Tak pernah orang awam mengetahui ada sistem lain yang membagi
sebuah lingkaran menjadi 400 derajat dan setiap derajat itu
dibagi 100 menit, setiap menit 100 detik. Sistem centigesimal
ini terkadang digunakan ahli geodesi dan sebangsanya.
Salah Kira
Tapi nilai 0,9ø S bisa menjadi 54' S dan 100,7ø E menjadi 100ø.42'
T. Ini menempatkan episentrum gempa di Sum-Bar itu 9 km sebelah
utara Gunung Talang, 40 km sebelah timur Kota Padang, tepat di
?tas Patahan Semangko, rekahan geologis besar yang membujur di
punggung Pegunungan Bukit Barisan dari ujung utara sampai ujung
selatan Pulau Sumatera (TEMPO, 5 Januari 1980). Lokasi ini
hampir bersamaan dengan lokasi pusat gempa dahsyat di tahun 1926
yang dikenal dengan nama gempa Padangpanjang dengan koordinat
0,7ø S dan 100,6ø Bt atau 42' Ls dan 100ø 36 ' Bt.
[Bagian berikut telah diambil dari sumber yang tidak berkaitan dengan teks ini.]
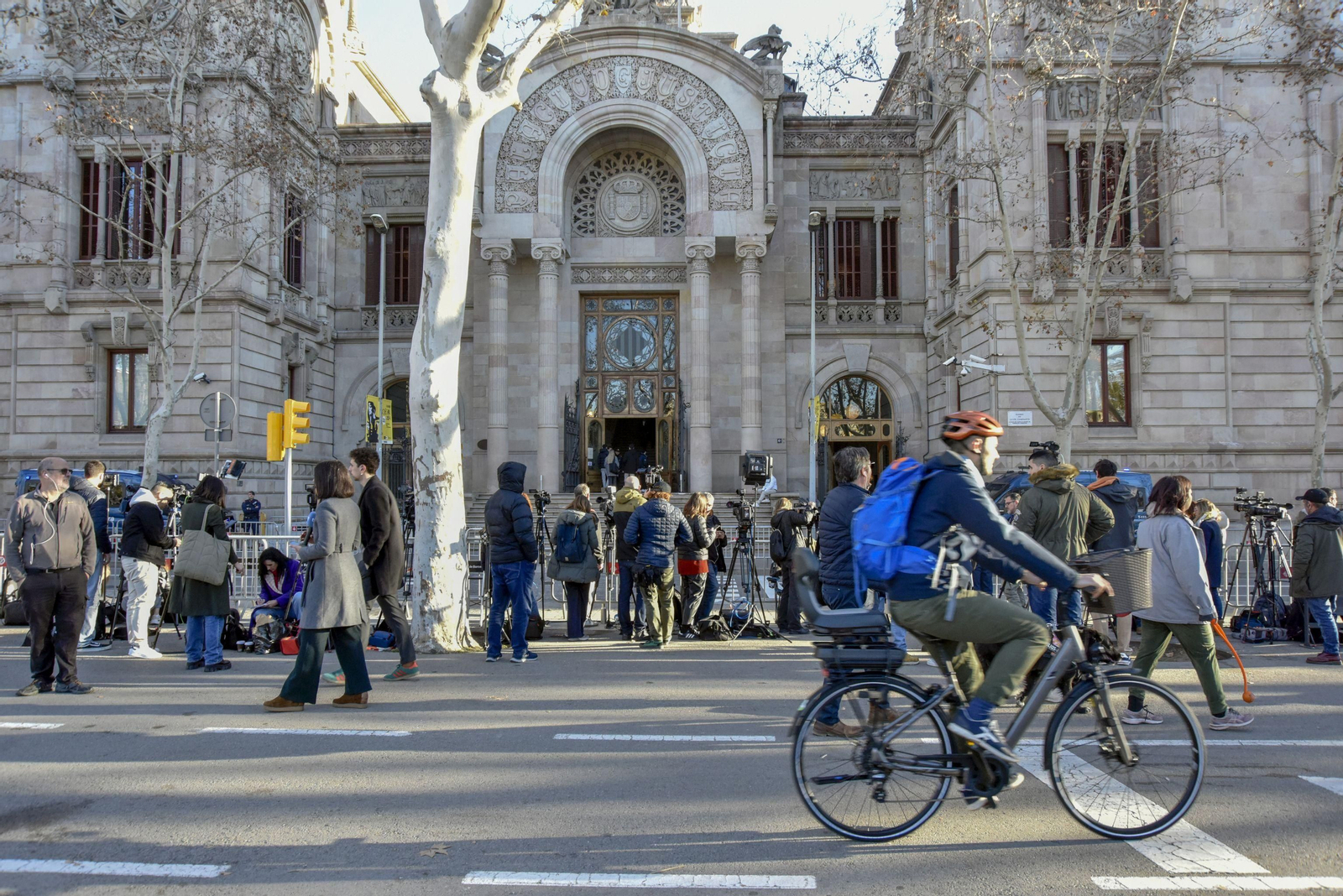 Las fotos de Dani Alves en el juicio por presunta violación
Lokasi ini juga bagi Profesor Dr. J.A. Katili, Dirjen
Pertambangan Umum, masuk akal. Menurut Katili, karena pusat
gempa itu relatif dangkal (33 km), hanya, ada dua kemungkinan
sebagai sumbernya. Pertama, sepanjang zone subduksi, jauh di
laut, yang merupakan pertemuan antara lempengan Samudera
Indonesia dengan lempengan Eurasia. Kedua, sepanjang Patahan
Semangko itu. Tapi Katili memastikan gempa itu bukan gempa
vulkanis. "Ini gempa tektonis," katanya.
"Semula saya kira gempa subduksi," ujar Prof. Katili kepada
TEMPO pekan lalu. "Apalagi ketika ada berita Padang terkena."
Tapi kemudian ternyata tidak ada tanda di laut seperti
dilaporkan sejumlah nelayan maupun Syahbandar Teluk Bayur,
Djamaran. Tinggal kemungkinan kedua Patahan Semangko. Dan
analisa dari geofisika Jakarta menunjang dugaan ini. Lebih kuat
lagi karena analisa itu dibuat mencakup data dari berbagai
stasiun pencatat gempa di luar negeri, sumber informasi yang
tidak diperoleh stasiun di daerah. Selain itu stasiun pencatat
di daerah letaknya terlalu dekat dengan pusat gempa hingga
plotting-nya bisa kurang jelas. "Stasiun yang letaknya lebih
jauh dari episentrum gempa bisa lebih teliti," ujar Katili.